The Majority-Minority relation between populations is an interesting and important factor in the development and nation-building discourse. It assumes different contours at different times in any country. At present, India is witnessing a transition. The Indian political plane is so volatile that it may overcrowd, eliminate, submerge, or transform the kind of identity assertions that we have been witnessing for the past half a century or so. This paper intends to capture this transitional process through exploring the linguistic majority-minority relations using statistical, economic, social, political and other dimensions including Constitutional, legal, geographical (nation : region), social / religious, ethnic(tribal : non-tribal), etc. Interdependency of these factors is highlighted. My aim in this paper is to find out the rational behind certain binary classifications such as national : regional, social : religious, etc., and unravel the intention of the nation-builders, and the kinds of safeguards provided to the minorities, even as I identify the use or misuse of such provisions by the 'minorities', and ultimately to assess whether this classification or categorization is healthy, and whether this classification has helped the languages and people groups in any significant way.

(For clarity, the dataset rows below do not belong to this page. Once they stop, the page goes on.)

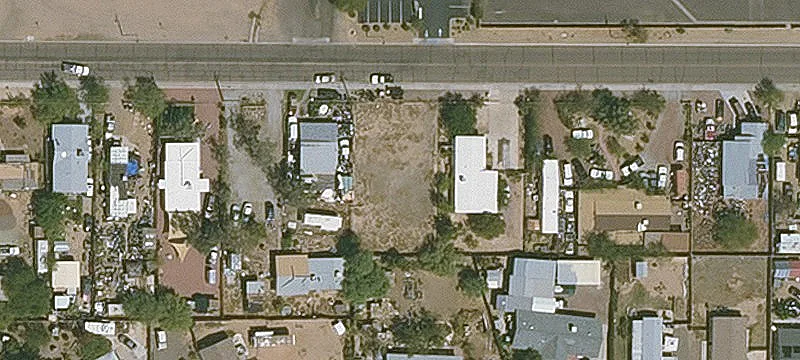 Residential Lot Ready for Custom Build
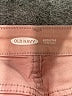 Old Navy Pink Jeans Size 8 - photo 7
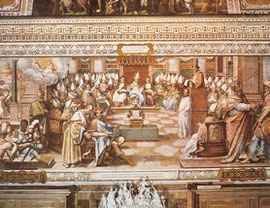 Concilio de Nicea
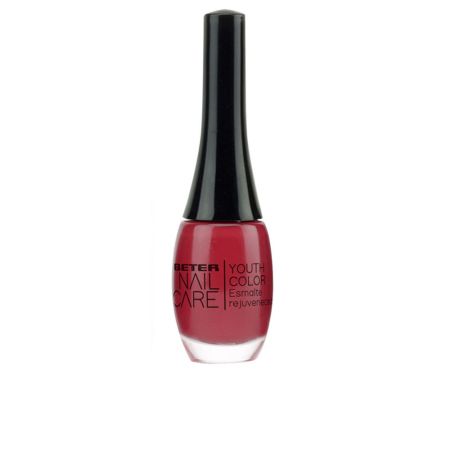 Beter Nail Care Youth Color 035-Silky Red 11ml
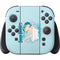 Betty Boop Bubbles Nintendo Switch 2 (2025) Joy-Con Controller Skin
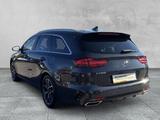 Kia cee'd Sporty Wagon SW GT-Line LED+DAB+NABI+SHZ - Kia: Cee D SW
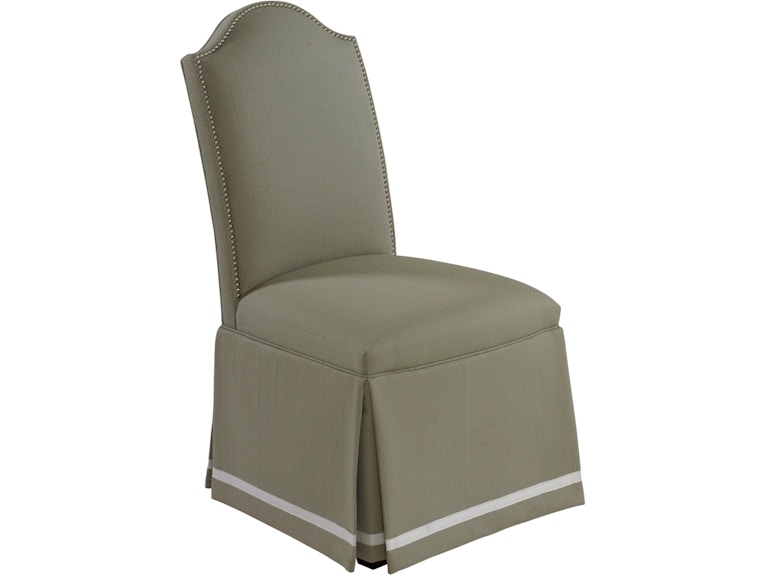 norrwood Designmaster Casual Dining Chandler Side Chair 01-254 at Norwood Furniture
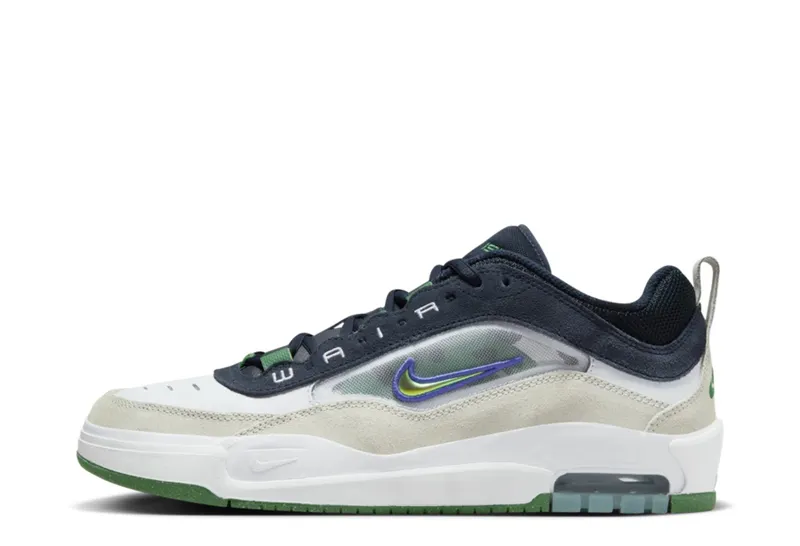 Nike SB Air Max Ishod Wair Persian Violet Obsidian (FB2393-101)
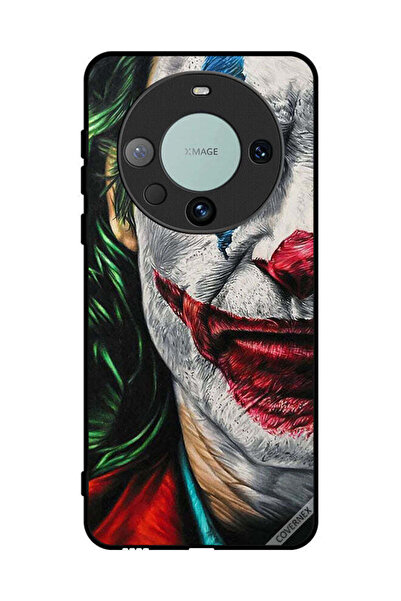 Covernex غطاء حماية لهاتف هواوي ميت 60 برو بلس - نصف وجه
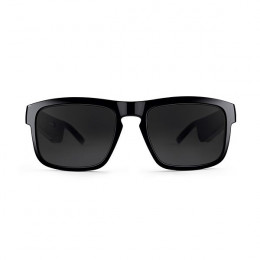 BOSE Frames Tenor Bluetooth Γυαλιά Ήχου, Μαύρο | Bose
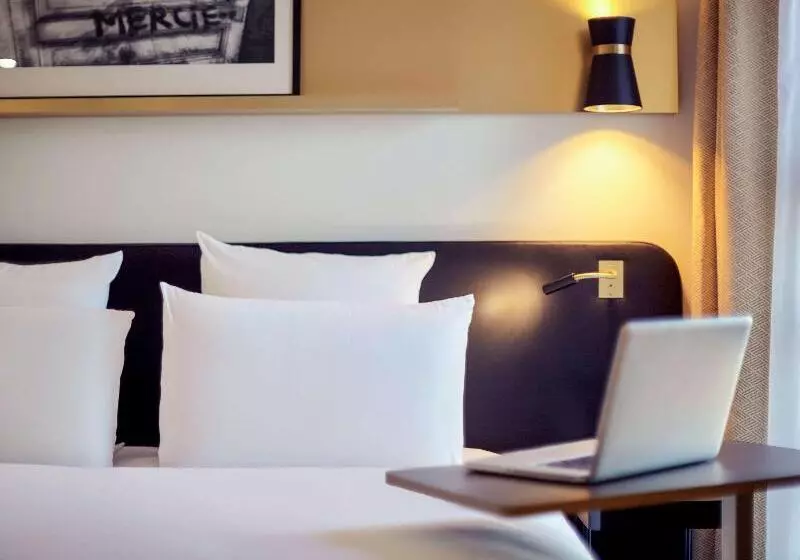 اتاق کلاسیک, Mercure Paris Saintouen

This paper discovers, analyzes, and describes the relation between the linguistic majority-minority populations, and demonstrates, among other things, that the linguistic relation continually evolves and, in reality, is relative to the socio-political and economic conditions. In addition, the recent processes of globalization, more clearly exemplified in the rise of gigantic multi-national Indian corporations, urbanization, focus on English education, zest for jobs abroad, and the growth of a vast middle class spanning across ethnic and linguistic boundaries are also discussed. These additional processes blunt the focus on the majority-minority relations. This paper also raises the question, as already suggested, whether we can take the categorization of majority-minority as a stable situation, or whether there are other linguistic or religious processes, which could suddenly occupy the center-stage, and change the direction of our discourse.

1. INTRODUCTION

Indian multilingualism is characterized by a very interesting scene: more languages are now involved as participants in the current increase in bilingualism and tri-lingualism; more than one script is used to write many languages, and many scripts used to write a single language; many Indian languages share a similar set of linguistic features across the language families, etc.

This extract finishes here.